Even more then Trump, it cements the idea that the common man's vote needs a counterweight, because the average common man believes in Pizzagate and Birtherism.
Lol. Voters on both sides have silly views, you get no points pretending that everyone on your side voted for perfect and intelligent reasons and everyone on the other side only did so because they were too dumb to understand how the voting apparatus works.
The "common man" does have a counterweight, other common men. If you policies are really better, the "dumb sheep" are just as persuadable to your cause. And lest you pretend a moral high ground, the pro-EU crowd used the same tactics, down to fear and misrepresentation that the other side did.
An entire united continent is going to be better off then a small country roughly the size of Arizona.
Better off than what? And is it the job of the UK government to ensure that the other citizens of the EU are as well off as the UK's citizens, or to ensure that the UK's citizens are as well off as they can be?
Ironically, the EU itself will probably be better off without the UK, as it was the UK's special privilege that prevented France and Germany from enacting reforms to bring the separate countries together.
They may be more unified, but if they are, I'd expect their citizens to have even less say and a reduction of rights.
The UK won't be. The UK is a small island country living off the fumes of an empire a century dead. It has nothing more special to offer then the Phillipines or South Korea, and once I realizes that, it will go crawling back to the EU.
Maybe, maybe not. There's nothing stopping the UK from putting in place better economic policies than Brussells will tolerate. There's certainly nothing stopping the UK from enacting measures to protect itself from terrorism and influx of refugees with no cultural synergies.
And all because we were scared of brown people and white people who spoke a different language.

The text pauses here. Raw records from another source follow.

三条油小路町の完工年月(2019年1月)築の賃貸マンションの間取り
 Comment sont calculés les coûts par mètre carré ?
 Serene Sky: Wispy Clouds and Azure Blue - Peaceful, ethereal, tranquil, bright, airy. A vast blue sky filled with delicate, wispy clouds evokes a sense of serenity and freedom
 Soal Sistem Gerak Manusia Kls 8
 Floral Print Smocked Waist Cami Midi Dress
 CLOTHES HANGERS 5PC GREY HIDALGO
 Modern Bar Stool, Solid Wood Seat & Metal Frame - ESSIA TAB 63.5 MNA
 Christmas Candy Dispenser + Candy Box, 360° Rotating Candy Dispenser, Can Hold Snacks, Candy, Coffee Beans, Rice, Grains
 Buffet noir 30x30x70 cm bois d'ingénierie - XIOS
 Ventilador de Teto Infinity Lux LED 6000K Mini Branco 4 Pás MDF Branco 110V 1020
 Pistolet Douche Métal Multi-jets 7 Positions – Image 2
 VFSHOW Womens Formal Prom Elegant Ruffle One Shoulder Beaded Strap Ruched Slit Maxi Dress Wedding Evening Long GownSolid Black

Is it? Cause honestly, that's sounds like child's analysis to me. Make a grown up case. You can start how it's to the benefit of a country that believes in freedom, equality, the rights of women and homosexuality, to import a massive amount of immigrants who don't accept any of those things and who aren't required to change to become part of your country and its voting block. For goodness sakes, you guys seem to think Trump should be banned for his views on women, and he's just a white guy, why would you let in other people with even more repugnant views just because they have brown skin? Is it some kind of dare, where you have to prove you're not a racist by ignoring actual differences that go beyond skin color?
So you're in favor of the original purpose of the Senate? If not, why even bother having two different sections of the legislature?
Why don't you ask me what ever it is you want to know. I said I'm in favor of having a legislative body approve treaties where an executive is empowered to negotiate them. Seems like the best of both worlds, because you don't end up with a negotiation by committee that undermines your position, but you also don't end up with a single run away dictator making decisions by fiat.